If an evolutionary and subjective world-view prevails i.e., if the subjectivism of modern philosophy and modern life and religion prevails, then it logically follows that the government of all things is not upon God's shoulders but man's. We then have humanism and the belief in the sovereignty and ultimacy of man. In religion, this means that man can say no to God and can reject God's efforts to redeem man. Man in his sovereign free will can bar the door to God's plans and purposes. In such a perspective, no consistent doctrine of providence is possible. For the non-Church humanists, some vague "purpose" or direction in evolution can be assumed by faith, i.e., that it is upwards, evolution and not devolution. That future course, however, is at best problematic, and it may mean the elimination of man as another kind of dinosaur.
A strictly Biblical doctrine of creation not only logically requires an objective rather than subjective world-view, a theology rather than an anthropology, but is also requires a high doctrine of providence. Isaiah tells us of the Messiah, "The government shall be upon his shoulder...Of the increase of his government and peace there shall be no end" (Isa. 0:6,7). The God who is totally the Creator of all things is also totally the determiner and the governor thereof.
Providence, the Greek word pronoia (Acts 14:2), sums up in a word God's government, guidance, care and purposive direction of all His creation. Pronoia means literally "perceiving beforehand" and is thus closely related to foreknowledge and predestination. However, foreknowledge and predestination stress God's direction in history of the acts of all men and of all natural phenomena. The purpose of providence is to effect God's eternal purpose in creation, and it does so infallibly, so that all things move to their determined end, to set forth God's purpose, justice, and holiness. This means, as Grintz has pointed out, "hence there is a connection between providence and the principle of reward and punishment."1
As Grintz points out, paganism held to a fixed order in the universe which was above the gods. The gods were themselves products of the universe, not its governors. Providence means rather God's unlimited and total control over all creation and also His personal relation with all men, and with all things, without exception. It means, moreover, that "Neither is there any creature that is not manifest in his sight; but all things are naked and opened unto the eyes of him with whom we have to do" (Heb. 4:13).

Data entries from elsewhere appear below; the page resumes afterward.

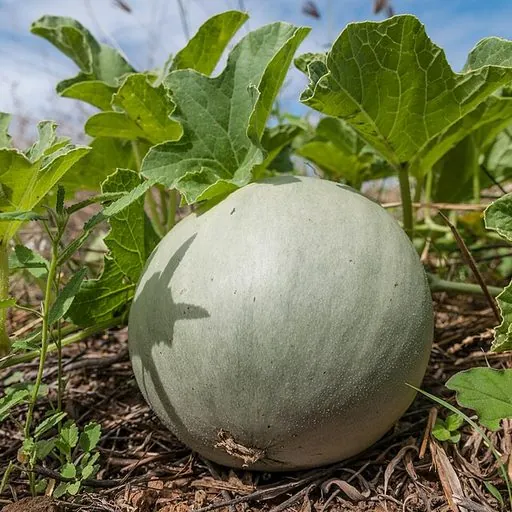 Melon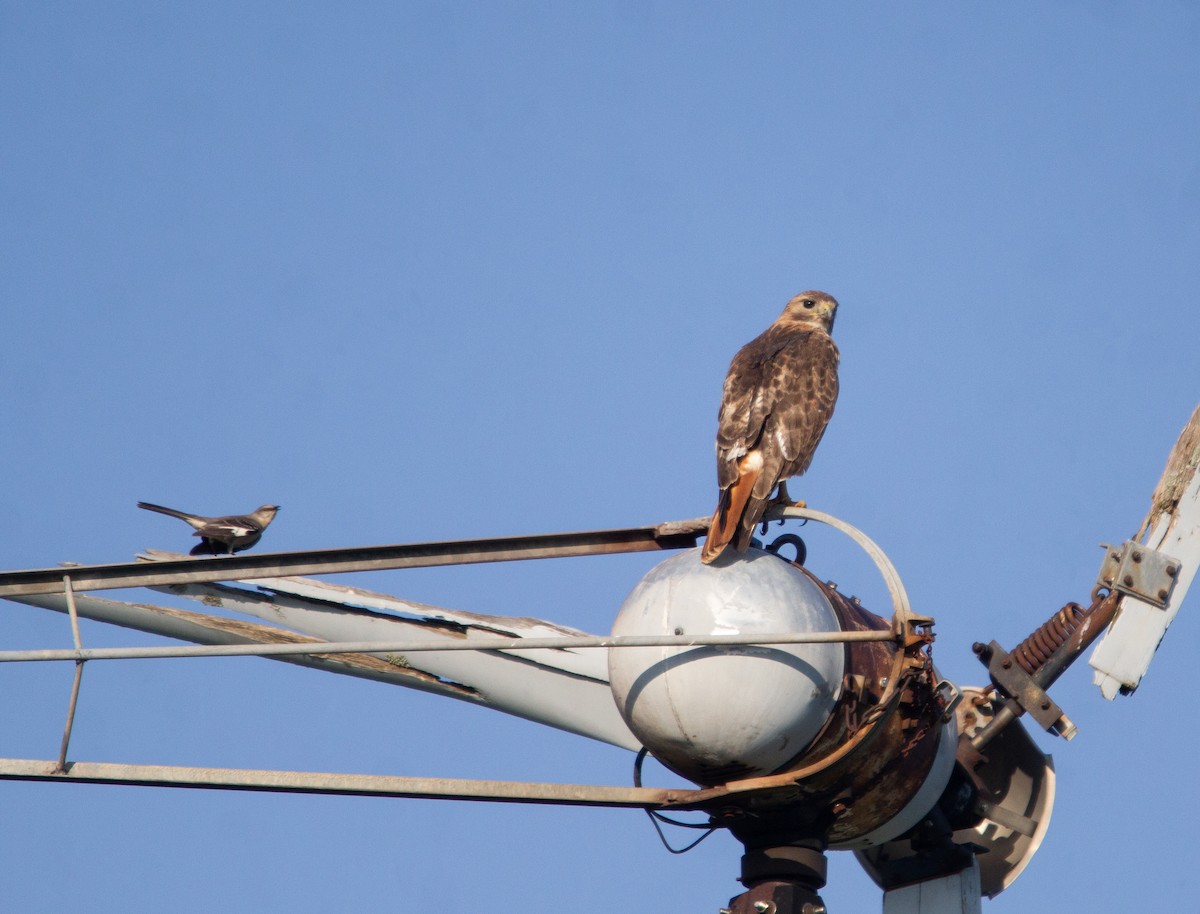 Red-tailed Hawk - Megan Migues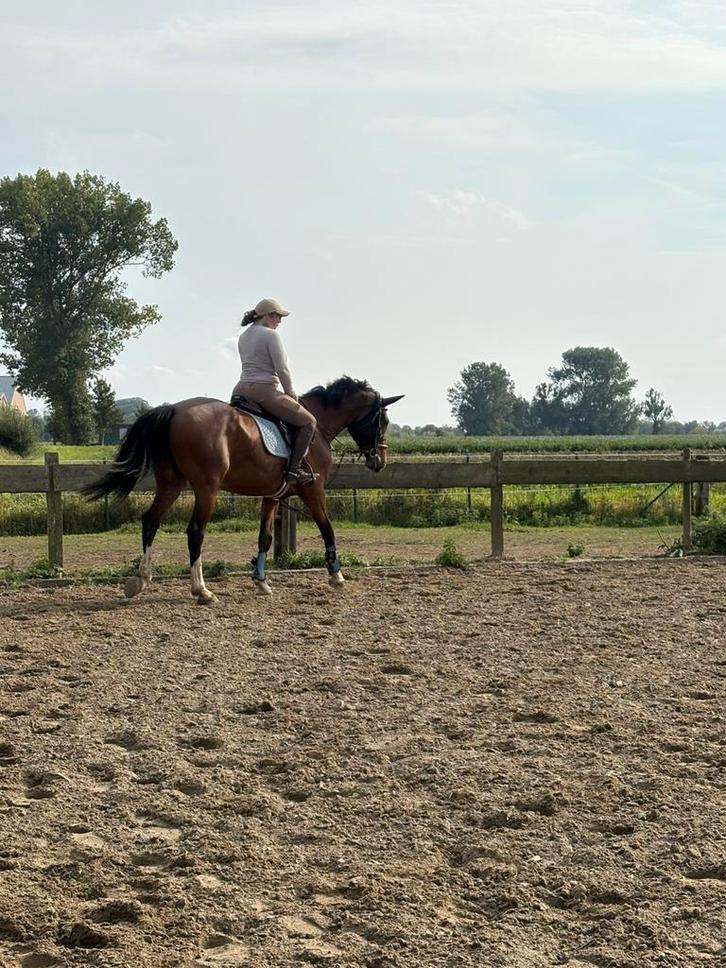 Lesgeefster aangeboden, Dieren en Toebehoren, Pony's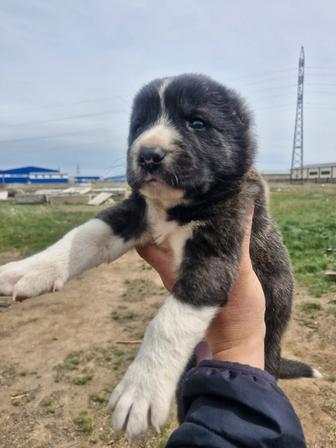 Продам Щенка Алабая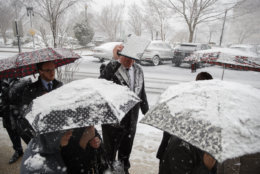 Ben Stein from Brandon, Miss., uses a folder to shield his head from falling snow as he waits in line to go through security to enter Dirksen Senate Office Building on Capitol Hill in Washington, Wednesday, March 21, 2018. The coming spring nor'easter caused the federal government to close its offices in the Washington area. (AP Photo/Carolyn Kaster)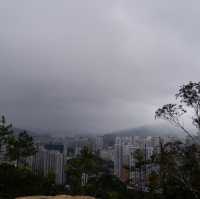 曾大屋與蝌蚪坪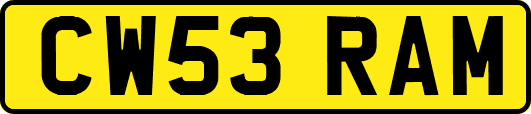 CW53RAM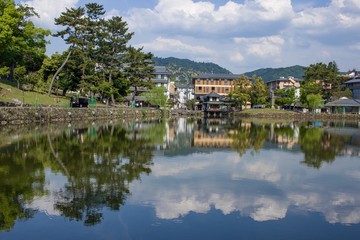 Fototapeta na wymiar Relaxing scene by a lake in Nara, Japan.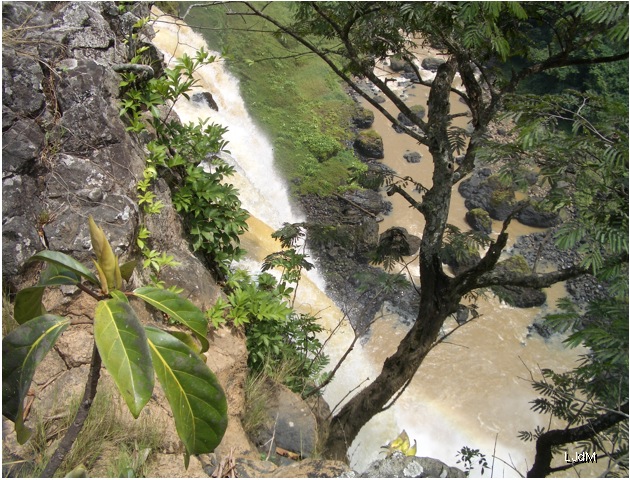 cameroun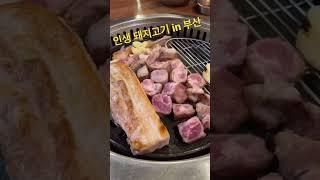 진짜 진짜 진짜 추천하는 부산 찐 돼지고기 맛집, 여기 안가면 후회합니다, 인생 목살 #구덕포끝집고기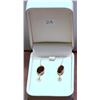 Image 3 : 14kt Gold Garnet Earrings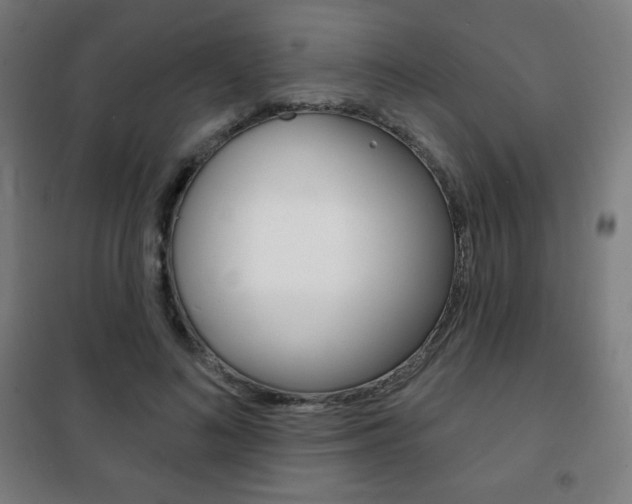 X0000101700692200807101346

God's providence is cosmic: it embraces the whole of creation. It is national, in that it controls the destinies of all nations, peoples, tribes and tongues. It is personal, extending to every man in every age of history. It is natural, in that it includes the flowers and grass of the field, and the sparrow. It is total, because He is the sovereign Lord and Creator.
As Grintz notes, "It can be said that the entire Bible is a record of divine providence, whether general or individual."2
In Psalms and in Proverbs, the doctrine of providence is set forth with respect to the details of our lives and actions. Proverbs 16:33 declares: "The lot is cast into the lap; but the whole disposing thereof is of the LORD." Nothing is outside God's government and providence. "The king's heart is in the hand of the LORD as the rivers of water: he turneth it withersoever he will" (Prov. 21:1). All things are governed by God's providence in terms of God's objective and holy purpose, not in terms of man's subjective judgments and pleasure. Man's pleasure comes, in any true sense, in enjoying and glorifying God, Who is ever mindful of His own, and Who is the eternal Judge of all things. Thus, Solomon counsels,
Rejoice, O young man, in thy youth, and let the heart cheer thee in the days of thy youth, and walk in the ways of thine heart, and in the sight of thine eyes: but know thou, that for all these things God will bring thee into judgment. (Eccles. 11:9)This means that, because God is the Lord, there is no inconsequential act in all of creation. Romans 8:28 makes clear that God uses every event to His own good purpose, so that even man's wrath and evil shall praise Him, i.e., work to God's purpose and glory (Ps. 76:10). As a result, God's purpose can never be frustrated, and all things work together for evil to them who deny the Lord:
Let all their wickedness come before thee; and do unto them, as thou has done unto me for all my transgressions: for my sighs are many, and my heart is faint. (Lam. 1:22)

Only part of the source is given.